[What is expected] If you see a picture in the data below, omit it and copy the rest exactly.

[Available data]
>>>
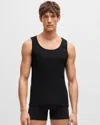 Hugo Boss Mens Cotton Tank Tops With Embroidered Logos Nos In Black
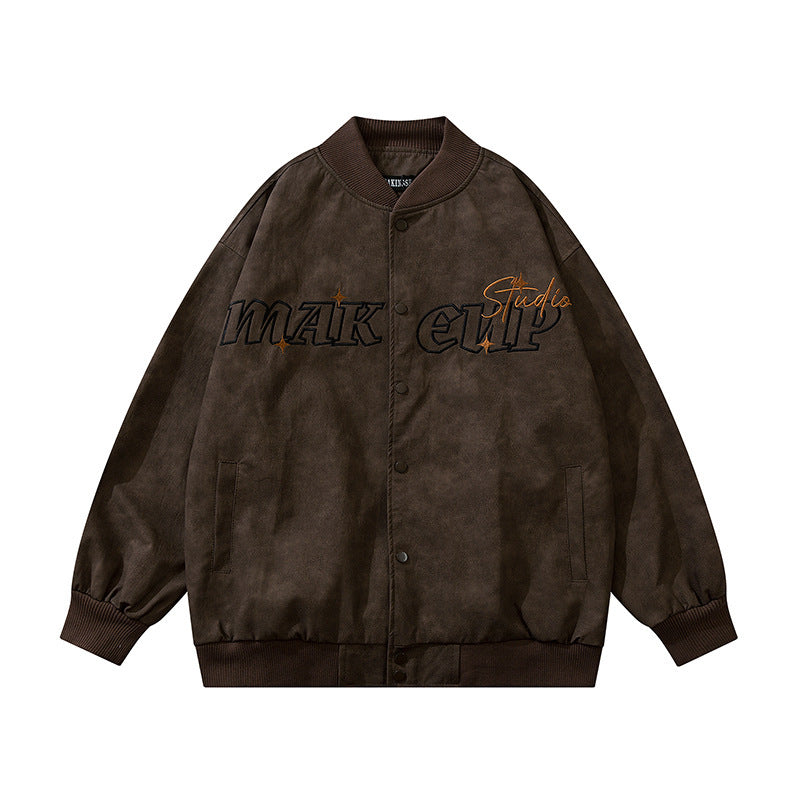 Fashion Flower Baseball Leather Jacket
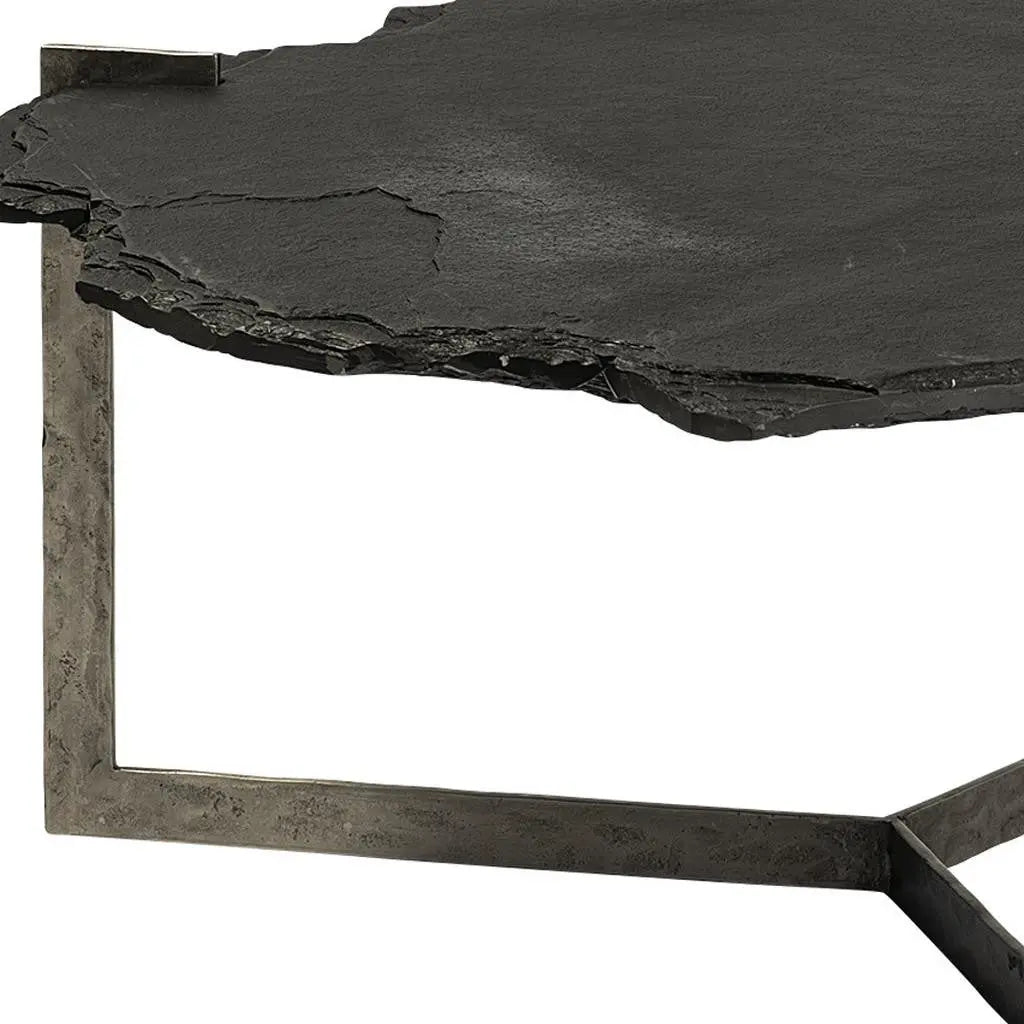 40" Black and Gold Stone and Iron Free Form Distressed Coffee Table Homeroots Living Room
<<<
[Exercise result]
 Hugo Boss Mens Cotton Tank Tops With Embroidered Logos Nos In Black
 Fashion Flower Baseball Leather Jacket
 40" Black and Gold Stone and Iron Free Form Distressed Coffee Table Homeroots Living Room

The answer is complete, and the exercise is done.